THE terrorist atrocities in London have been widely condemned as an act of obscene depravity and, rightly, the thoughts and prayers of the nation go out to the victims of these wicked acts.
However the tragedy must not be the catalyst for attacks on Britain's Muslim population, who, of course, were as likely to be caught up in the indiscriminate carnage of London's tube and bus bombs as anyone else. Nor in the strained aftermath of this very predictable outrage should Parliament rush through
draconian emergency legislation simply aimed at "reassuring the public".
History shows that headline-catching "crackdowns" actually help terrorist groups by creating a siege mentality among the community perceived to be sympathisers. What is needed is eternal vigilance by us all, plus a meticulous, patient approach to policing, surveillance and intelligence gathering.
One positive aspect of last week's outrages is that, so far at least, press, public and politicians have eschewed jingoistic and inflammatory statements and headlines that characterised the Anglo-Irish conflict in the 70s, 80s and early 90s.
Now, as citizens and voters, we appreciate that the London outrage is not the fault or responsibility of our Muslim friends and neighbours – just as, belatedly, the realisation dawned that Britain's large and well integrated Irish population did not support IRA violence.
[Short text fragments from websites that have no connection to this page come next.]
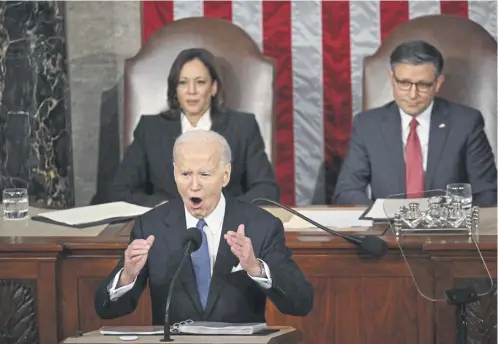  ?? ?? A fiesty US president Joe Biden delivers his State of the Union address in the House Chamber of the US Capitol in Washington watched by vice-president Kamala Harris and House, Speaker Mike Johnson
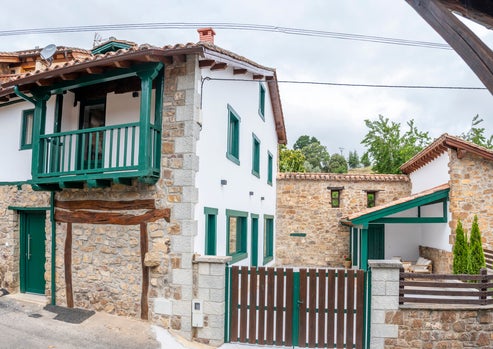 Fachada principal de la casa rural Armaño 12, con muros de piedra, balcones de madera verde y una entrada cercada, ubicada en un entorno rural de montaña en Liébana, Cantabria.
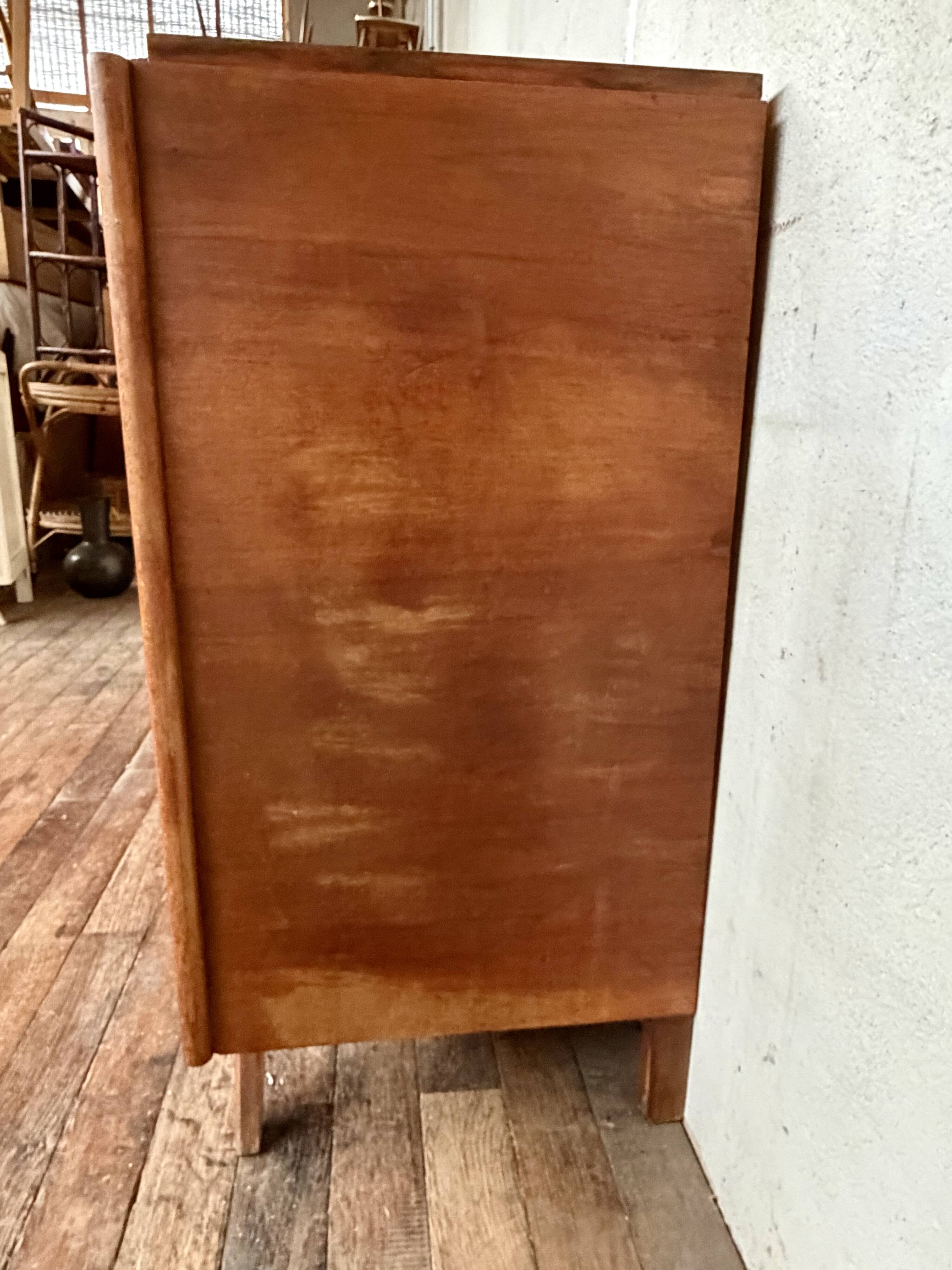 Art Deco vintage commode with tapered legs.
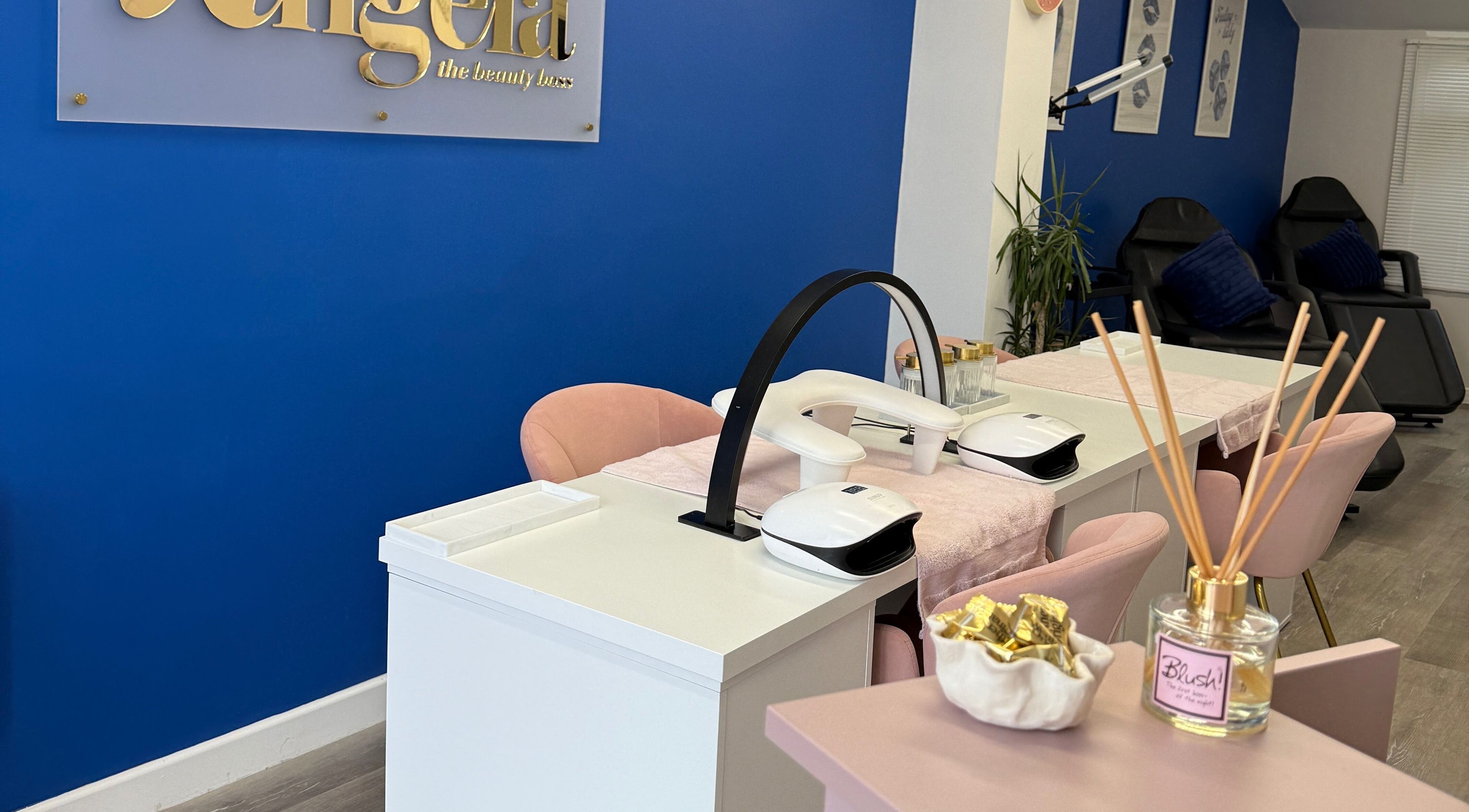 Elegant beauty studio setup at Angela The Beauty Boss in Stapleford, England, GB with modern chairs and tables.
Paradoxically, the one phrase that has not appeared in relation to last Thursday is "mindless violence." For nowadays, we all understand that the attacks launched on the very day of the start of the G8 summit were a very political act indeed in much the same way as the "shock and awe" bombing of Baghdad and the killing of innocent men, women and children in Fallujah.
Ultimately, a British government will withdraw its support for George Bush's policy of prosecuting a ‘war on terror' in Iraq. But that should be despite last week's atrocity, not because of it.